By Prem Bhatia, Co-Founder and CEO, Graas Learn from the past if you want to predict the future. That’s a fairly common saying and it could apply to businesses selling online as well. If demand is strong, revenue follows.

The flip side though is that past performance is no guarantee of future results. One of the big challenges for eCommerce businesses is that customer behaviour doesn’t follow a fixed pattern. What sold well last month might now be sitting unsold in a warehouse.

So, if you don’t forecast the demand for your products, you risk being left behind in the online marketplace. But what is demand forecasting? It’s a predictive analysis of future customer demand based on historical sales data and real-time market trends and buyer behaviour. It involves using advanced statistical techniques and algorithms to anticipate how much of a product a retail brand will likely sell in the upcoming periods.
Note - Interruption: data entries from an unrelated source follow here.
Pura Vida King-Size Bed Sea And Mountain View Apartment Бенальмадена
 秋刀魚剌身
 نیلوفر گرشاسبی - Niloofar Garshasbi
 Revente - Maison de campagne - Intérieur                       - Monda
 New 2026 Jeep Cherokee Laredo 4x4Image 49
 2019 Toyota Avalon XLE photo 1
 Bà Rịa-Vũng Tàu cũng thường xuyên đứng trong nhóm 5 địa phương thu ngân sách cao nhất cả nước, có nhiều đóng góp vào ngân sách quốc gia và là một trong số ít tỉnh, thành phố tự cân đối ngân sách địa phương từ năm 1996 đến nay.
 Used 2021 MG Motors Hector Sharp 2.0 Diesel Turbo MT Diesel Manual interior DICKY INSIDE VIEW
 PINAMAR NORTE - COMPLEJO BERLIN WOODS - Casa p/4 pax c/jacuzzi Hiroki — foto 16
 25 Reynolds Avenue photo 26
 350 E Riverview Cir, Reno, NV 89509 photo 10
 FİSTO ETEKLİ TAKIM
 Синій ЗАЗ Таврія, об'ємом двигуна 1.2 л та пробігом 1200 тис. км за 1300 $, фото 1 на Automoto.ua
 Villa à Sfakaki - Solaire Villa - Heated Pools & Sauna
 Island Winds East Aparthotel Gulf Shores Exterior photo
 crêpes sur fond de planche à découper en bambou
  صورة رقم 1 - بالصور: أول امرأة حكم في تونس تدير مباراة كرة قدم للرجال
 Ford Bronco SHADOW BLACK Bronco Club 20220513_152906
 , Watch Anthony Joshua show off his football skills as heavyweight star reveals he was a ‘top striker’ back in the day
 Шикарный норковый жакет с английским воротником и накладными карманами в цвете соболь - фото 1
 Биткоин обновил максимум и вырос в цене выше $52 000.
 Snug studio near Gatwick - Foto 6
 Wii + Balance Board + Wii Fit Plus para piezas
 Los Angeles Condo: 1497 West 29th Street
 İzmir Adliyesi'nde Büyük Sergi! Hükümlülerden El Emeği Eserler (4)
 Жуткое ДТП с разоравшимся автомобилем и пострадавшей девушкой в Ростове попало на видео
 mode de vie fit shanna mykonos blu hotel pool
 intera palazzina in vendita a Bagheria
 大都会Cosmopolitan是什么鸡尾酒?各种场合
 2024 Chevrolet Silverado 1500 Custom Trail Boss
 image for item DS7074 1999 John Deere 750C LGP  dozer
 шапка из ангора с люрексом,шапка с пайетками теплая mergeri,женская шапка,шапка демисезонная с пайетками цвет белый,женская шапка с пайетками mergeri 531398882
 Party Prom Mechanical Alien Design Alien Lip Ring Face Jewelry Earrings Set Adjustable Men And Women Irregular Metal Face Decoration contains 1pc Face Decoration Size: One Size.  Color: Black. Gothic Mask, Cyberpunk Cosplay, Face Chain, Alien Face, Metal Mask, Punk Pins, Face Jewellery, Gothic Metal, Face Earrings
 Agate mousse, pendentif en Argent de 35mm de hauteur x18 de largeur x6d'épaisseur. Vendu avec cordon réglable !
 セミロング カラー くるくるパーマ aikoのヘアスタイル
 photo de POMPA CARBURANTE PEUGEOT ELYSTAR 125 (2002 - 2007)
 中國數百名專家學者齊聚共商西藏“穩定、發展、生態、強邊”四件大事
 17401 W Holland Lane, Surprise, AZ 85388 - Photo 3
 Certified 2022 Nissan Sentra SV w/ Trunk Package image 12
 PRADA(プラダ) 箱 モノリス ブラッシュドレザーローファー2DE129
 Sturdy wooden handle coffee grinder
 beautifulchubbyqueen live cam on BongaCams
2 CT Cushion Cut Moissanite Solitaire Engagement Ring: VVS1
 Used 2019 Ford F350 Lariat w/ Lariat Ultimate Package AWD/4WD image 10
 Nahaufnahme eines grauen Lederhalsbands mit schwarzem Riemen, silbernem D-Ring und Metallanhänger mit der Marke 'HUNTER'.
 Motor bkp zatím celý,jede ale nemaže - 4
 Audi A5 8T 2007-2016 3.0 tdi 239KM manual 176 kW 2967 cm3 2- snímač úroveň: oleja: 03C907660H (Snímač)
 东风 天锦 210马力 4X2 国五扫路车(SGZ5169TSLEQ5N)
In eCommerce, demand forecasting is entirely centred on predicting online sales, requiring businesses to analyze sales records, customer orders, inventory levels, pricing, promotions, seasonality, and other external factors. While it is impossible to predict demand with absolute certainty, making predictions as close to reality as possible is crucial. There are many factors that affect demand forecasting in eCommerce.

External elements such as seasonality, competitors, geography, and the economy play significant roles. For example, demand varies with the seasons; holida.